- A drag-along right (also called a "bring-along" right) is a provision that allows a majority shareholder — or a defined group of shareholders holding a threshold percentage of shares —…
- A tag-along right (or co-sale right) protects minority shareholders when the majority wants to sell.
- - Majority shareholders want drag-along so they can deliver a clean 100% sale when the time is right.
Selling a private Ontario corporation often requires all shareholders to cooperate — but what happens when a minority shareholder refuses to sell, or when a majority shareholder wants to sell the company without bringing the minority along? Two provisions in a shareholder agreement address these opposing concerns: drag-along rights and tag-along rights (sometimes called co-sale rights).
These are different tools that protect different parties. Understanding both — and making sure your shareholder agreement includes the right combination — is essential if you ever expect to sell your business.
What Are Drag-Along Rights?
A drag-along right (also called a "bring-along" right) is a provision that allows a majority shareholder — or a defined group of shareholders holding a threshold percentage of shares — to compel the remaining shareholders to sell their shares to the same third-party buyer, on the same terms.
Why drag-along rights exist
Most sophisticated buyers want to acquire 100% of the shares of the corporation they are purchasing. A buyer who ends up with a minority holdout faces a co-owner they never chose and never agreed to — and the minority shareholder will retain statutory rights (including the ability to apply for oppression remedies under the OBCA) that can complicate future business decisions.
Without a drag-along right, a single minority shareholder who refuses to sell can block the entire transaction or, at minimum, demand a premium above the deal price in exchange for their cooperation.
How drag-along rights work in practice
- The majority shareholder negotiates a sale with a third-party buyer.
- Once the deal is agreed at the majority level, the majority shareholder delivers notice to the minority shareholders.
- The notice states the terms of the proposed sale — price per share, form of consideration, and closing date.
- The minority shareholders are contractually obligated to sell their shares on the same terms.
Protections for minority shareholders in a drag-along
A well-balanced shareholder agreement includes guardrails on drag-along rights:
- Minimum price threshold: the drag-along can only be triggered if the per-share price meets or exceeds a minimum (often a multiple of original cost or a formula price).
- Same terms: the minority must receive exactly the same per-share consideration as the majority — not a discounted price.
- Representations and warranties capped: minority shareholders should not be required to give representations and warranties they cannot stand behind (such as representations about things that happened before they became shareholders).
- Holdbacks capped: if the deal structure includes an escrow or earnout, the minority's exposure should be proportional to their shareholding, not joint and several.
- Required majority threshold: drag-along typically requires a supermajority (e.g., 66⅔% or 75%) to be triggered, not just a simple majority.
What Are Tag-Along Rights?
A tag-along right (or co-sale right) protects minority shareholders when the majority wants to sell.
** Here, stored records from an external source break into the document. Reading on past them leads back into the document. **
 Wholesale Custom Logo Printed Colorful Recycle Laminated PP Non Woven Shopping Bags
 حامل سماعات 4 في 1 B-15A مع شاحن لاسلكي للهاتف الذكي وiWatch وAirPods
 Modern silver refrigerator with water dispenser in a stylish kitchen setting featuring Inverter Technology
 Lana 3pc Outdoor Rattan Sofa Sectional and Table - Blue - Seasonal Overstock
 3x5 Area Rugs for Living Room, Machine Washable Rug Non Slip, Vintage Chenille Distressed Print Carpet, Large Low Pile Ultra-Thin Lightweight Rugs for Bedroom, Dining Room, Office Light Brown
If the majority shareholder receives a third-party offer to buy their shares, the minority has the right to "tag along" — to sell their shares to the same buyer, on the same terms, alongside the majority.
Why tag-along rights matter
Consider this scenario: you own 30% of a corporation, and your co-owner holds 70%. A buyer approaches your co-owner and offers to purchase their 70% stake — allowing your co-owner to exit the business at a premium. Without a tag-along right, you are left behind as a 30% minority in a corporation now controlled by a stranger you never agreed to work with. Your leverage has evaporated.
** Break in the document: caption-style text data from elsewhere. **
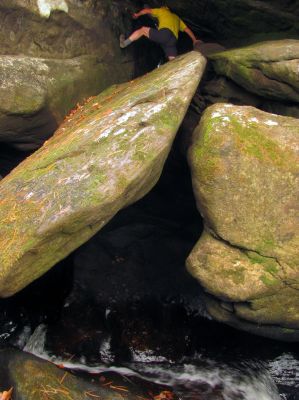 John posing within the Little Rat Crack 
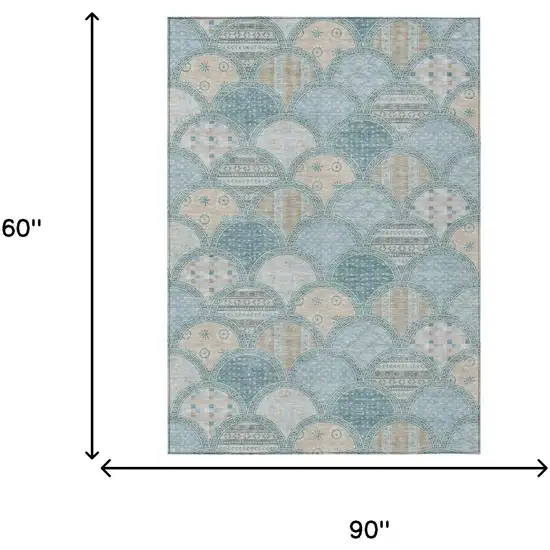 Teal Blue And Silver Geometric Washable Indoor Outdoor Area Rug Photo 5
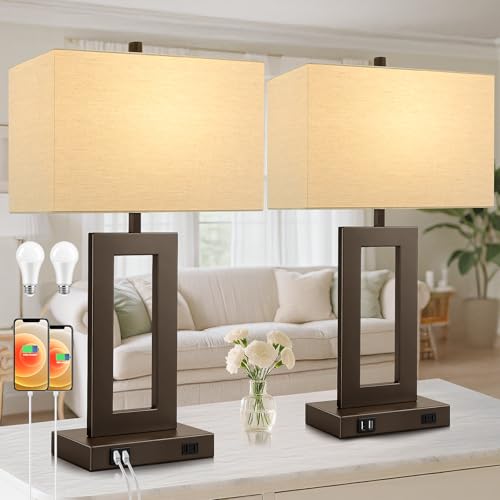 28" Brown Modern Table Lamp Set of 2 with 2 USB Ports&AC Outlet (2 Count)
A tag-along right solves this. Before your co-owner can sell to the buyer, they must notify you and give you the right to sell your 30% on the same terms — which may mean the buyer acquires 100%, or may mean the buyer purchases only a proportional amount from each of you.
How tag-along rights work
- The majority shareholder receives a bona fide third-party offer and wishes to accept it.
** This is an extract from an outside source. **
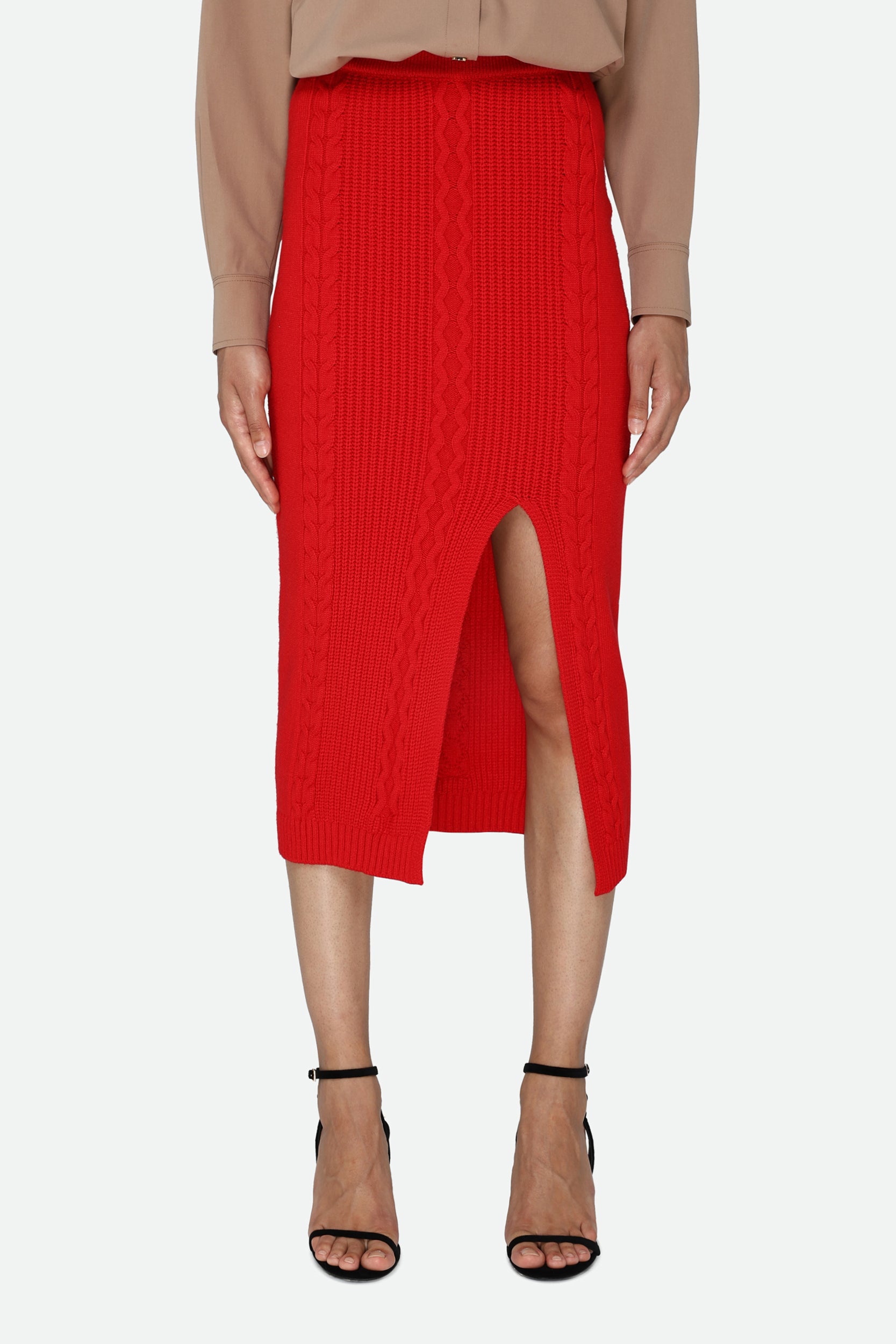 Patrizia Pepe Red Midi Skirt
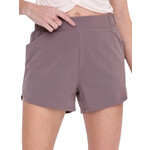 Light Cocoa Athleisure Shorts with Curved Hemline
- The majority shareholder delivers a notice to minority shareholders with the terms of the proposed sale.
- The minority has a defined period (commonly 20 to 30 days) to elect to exercise their tag-along right.
- If the minority exercises the right, they participate in the sale on the same per-share terms.
- If the buyer is unwilling to buy 100%, the deal may be structured so each shareholder sells proportionally (pro rata tag-along), or the majority may be required to reduce their sale to accommodate the minority's participation.
Drag-Along and Tag-Along Together
These two rights often coexist in the same agreement — they protect opposite parties in the same type of transaction.
- Majority shareholders want drag-along so they can deliver a clean 100% sale when the time is right.
- Minority shareholders want tag-along so they can participate in any premium the majority receives.
A balanced agreement contains both, with appropriate thresholds and protections.
Drafting Details That Matter
The value of these provisions depends entirely on how carefully they are drafted:
- What percentage triggers the drag-along? 51%? 66⅔%? The higher the threshold, the more protection for minority shareholders.
- Does the tag-along apply to partial sales? If the majority sells only part of their stake, does the minority have a right to participate pro rata?
- What forms of consideration are covered? Cash is straightforward; shares of the acquirer, earnouts, or deferred consideration are more complex and require careful drafting.
- How long is the notice period? Minority shareholders need enough time to take legal and tax advice before deciding whether to exercise their tag-along right.
- Are there carve-outs for permitted transfers? Most agreements permit transfers to family trusts or holding companies without triggering tag-along rights, as long as the transferred shares remain subject to the agreement.
Frequently asked questions
Can a minority shareholder refuse to sell even with a drag-along clause?
If the agreement is properly drafted and the drag-along is triggered according to its terms, refusing to sell would be a breach of contract. The majority could seek a court order to compel the transfer. The minority's best protection is negotiating strong guardrails at the drafting stage.
Do tag-along rights apply in a share purchase agreement with a third party?
Yes, if the shareholder agreement is structured correctly. The buyer's lawyers will typically require confirmation that all transfer restrictions and tag-along rights have been satisfied as a condition of closing.
What if there are multiple minority shareholders and the buyer does not want to acquire all of them?
This requires careful drafting. Some agreements use a "pro-rata" tag-along, where the majority must reduce its sale to accommodate the minority. Others allow the minority to compete for a fixed percentage of the deal. There is no universal answer — it depends on the specific negotiated terms.
Are these rights common in small Ontario businesses?
They are standard in any deal that involves investor financing (angel, VC, or private equity), and increasingly common in co-founder agreements even without institutional investment. They are well worth including even in a two-person startup.